Летим. Полет нормальный. На спящих лицах слабые улыбки довольства. Тела расслаблены в комфортных креслах. Испытывается покойное состояние души.
Куда летим, друзья мои? Что желаем познать или увидеть? Архитектуру строений или музейные экспонаты? Если ехать за архитектурным стилем, то в наш век все еще можно в Штаты. Прошловековой лидер экономического прогресса пока обладает модным, притягательным шиком. Хотя позиции уступаются. Мода стилей, высот, объемов и классов инженерии – это преходящее, временное явление, и оно уже находит других лидеров.
Приезжающие в Америку туристами или на постоянное местожительство должны четко понимать абстрактное, а потому флиртовое понятие, пропагандируемой там свободы. Они должны также видеть возможную и потенциальную опасность в термине свобода. Например, свободный доступ к покупке огнестрельного оружия. Еще хуже – нагнетание страстей, в которых почти каждый житель желает воспользоваться свободным правом и купить себе ствол. В ущерб спокойствию и порядку. Страна, в которой, в среднем, на каждого жителя приходится по одному стволу, то есть где каждый имеет потенциальное право обладания смертоносной игрушкой, грозится тем, что люди начнут ими играть. Действительно, любой приобретенный предмет изготовлен для того, чтобы им пользовались по назначению. Автомобили – чтобы на них ездили. Сковородки – чтобы на них жарили. Кровати – чтобы на них спали. Каково же назначение нарезного или гладкоствольного? Взрастить жизнь? То-то и оно. От того и зарождаются искры, грозящие перейти в стихийное огненное бедствие. Массовые убийства в парках отдыха, торговых центрах, кинотеатрах, институтах и даже в средних школах. Бороться «правом свободного выбора» с подобными бедствиями – откровенная нелепость. Оттого ответственные за порядок лица не знают, что сказать в оправдание и несут чушь. Правда же та, что полиция не в силах вести борьбу с явлениями неожиданных массовых расстрелов безоружных мирных граждан.

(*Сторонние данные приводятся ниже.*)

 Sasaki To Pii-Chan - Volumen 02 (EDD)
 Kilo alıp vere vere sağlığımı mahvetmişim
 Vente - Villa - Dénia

Но оставим в покое Америку. Сказанное вовсе не означает, что наш лайнер там не приземлится. В нашем путешествии все возможно. К тому же нарекания заслуживает система Американского социального правления, а не единичные граждане. А люди… там такие же люди, как и в любом уголке мира. Пусть с западным восприятием и сознанием, но мне хочется верить, в большинстве своем – душевные, добрые люди, а в подтверждение тому – мои личные знакомые американцы, не заслуживающие критики.

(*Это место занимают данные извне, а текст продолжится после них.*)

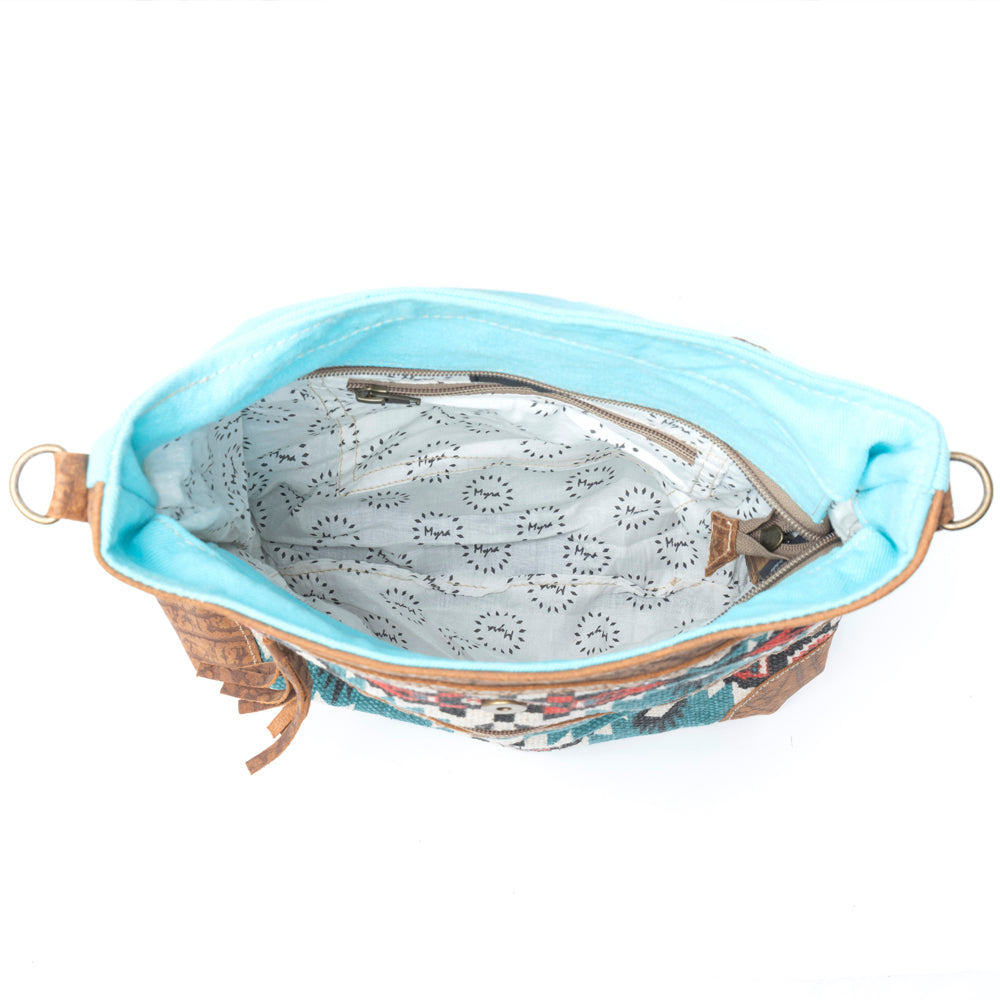 Tribe Of The Sun Shoulder Bag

Так куда же летим? Не в музеи ли мира? Не хотим ли познать древнюю архитектуру Египта, Греции, Рима? Или вас привлекает современная инженерия со свойственной времени стилем и высотой? Если так, то в набирающий обороты Китай или арабский мир впечатлений, а главным образом – в Эмираты. Если же в музеи, то… нет, нет, не в Германию, Италию или французский Лувр. А что вы хотели увидеть в Лувре? Друзья мои, помпезность, с которой представляется Лувр и его недра – это показная манера представить излишки былой роскоши. Именно из-за этой показухи нагнетаются страсти до того, что люди ожидают увидеть там действительно нечто необычное. Азарт как пар из пробитого воздушного шара выходит из посетителей, как только они осознают, что сказанное в отношении экспонатов, помещений и стиля – это лишь блестящие слова и выражения, которые вовсе не оправдывают ожиданий. А этим, я обязан заметить, серьезно подрываются впечатления! Начинаешь понимать, что услышанные восхваления исходят от самих французов и лиц, продающих путевки.

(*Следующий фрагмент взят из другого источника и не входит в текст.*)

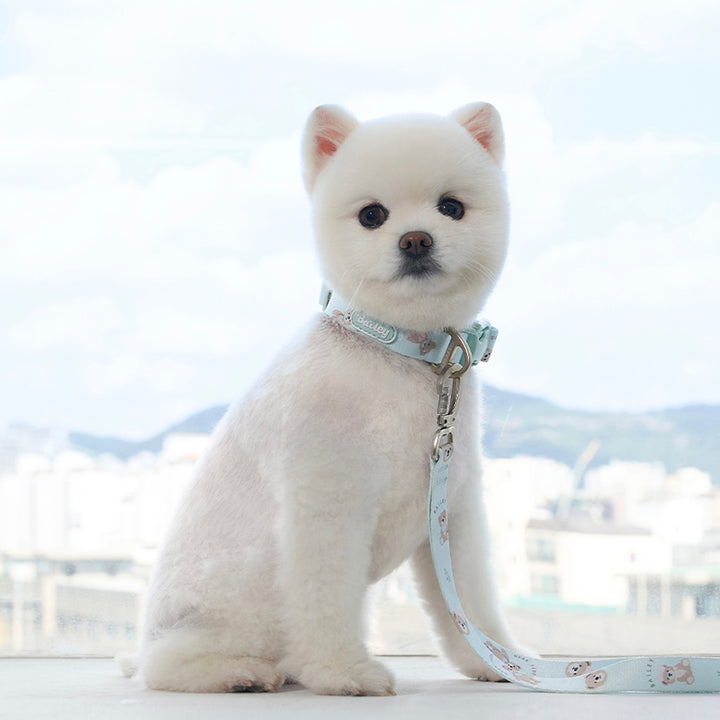 ※予約販売【Bailey】Teddy Walkie Leash（3color）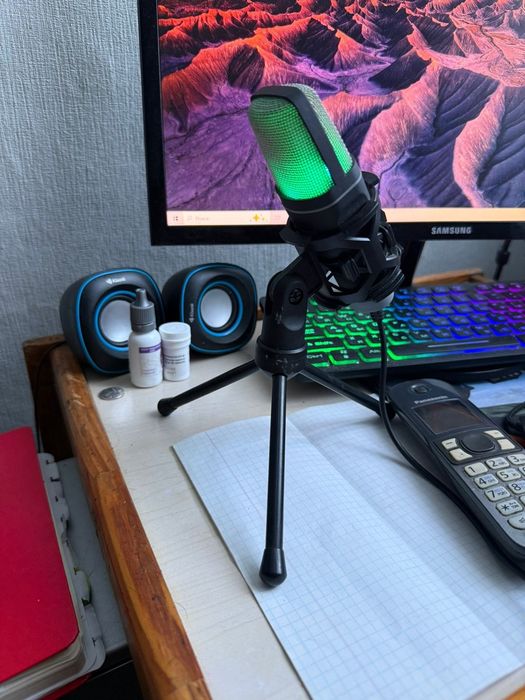 Продам микрофон для компьютера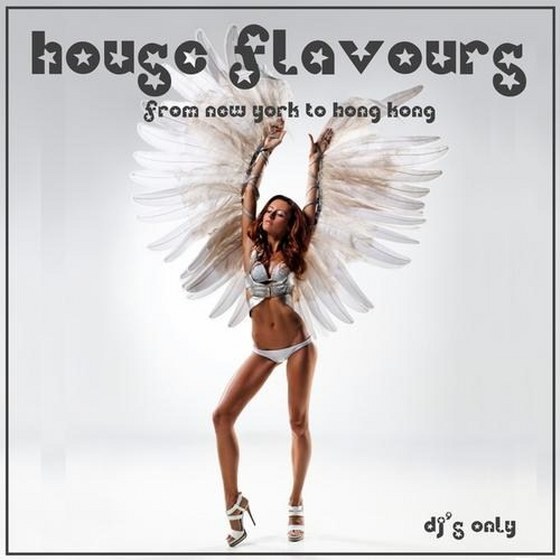 скачать House Flavours: From New York to Hong Kong (2013)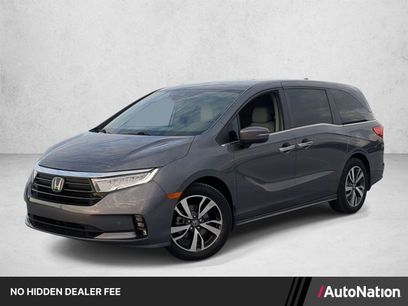 Used 2024 Honda Odyssey Touring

Мона Лиза за бронированным стеклом, эта знаменитая во всем мире дама выдающегося, неповторимого, гениального, – добавьте от себя что-то еще, – портретиста, кажется дурнее второсортной копии. (И это понятно. Каждый художник, как бы то ни было, сохраняет в своих работах неповторимые его личному естеству представления о красоте и действительности. Это отражается в виде едва уловимых флюидах, ложащихся на холст. Ведь портретист – это человек и он, как бы ни старался, не может не внести в копию своего личного и современного понимания красоты; в противном случае он перестанет быть одушевленным и превратится в копировальную машину). Вы присматриваетесь к ней и начинаете различать глупость в ее выражении. Так, что даже становится смешно! Хочется оглядеться по сторонам, чтобы убедиться, не испытывает ли кто-то из посетителей аналогичных чувств, чтобы после этого извинительно и дружно с ним расхохотаться. В сознание врезается определение, что эта дама, – если она еще и дама, – обыкновенная необразованная, совсем не умная доярка, привыкшая к монотонному труду и усидчивости. Кажется также, что она спокойна и усидчива именно потому, что совсем, совсем не умна. От того и пикантная, но абсолютно не застенчивая, а позволительная улыбка.
Если уж и лететь за музейными впечатлениями, то в Россию. О нет, нет. Пожалуйста, не думайте, что я не знаю, что говорю или говорю так, потому что я русский. Я отдаю отчет своим словам, я понимаю, что пишу и… я не русский. Если в Москве, столице России, во многих государственных музеях вы сумеете увидеть много интересного и мало понятного, – будет различаться евро-азиатская историческая философия народа, – то в Санкт-Петербурге вы ощутите бум восторгов. Санкт-Петербург – это не просто бывшая столица империи, это – центр неповторимых исторических памятников архитектуры, культуры и живописи. Сами россияне называют этот город кратким, звонким словом – Питер. Научить иностранца, особенно англосакса, правильно произносить название города, где «и», на которое приходится еще ударение, переходит в каткое «е», со звонким и совсем не протяжным «р» на конце, требует труда или даже неоправданных мучений. Лучший способ научиться русскому произношению – это нанять репетиторшу с русским именем. Изображая дикую кошку, она может устроить класс лингвистики. Рыча как тигрица, скалясь и пуская коготки практиковать рррр… рррр…
– Лллл… лллл… – будет слышаться от студента.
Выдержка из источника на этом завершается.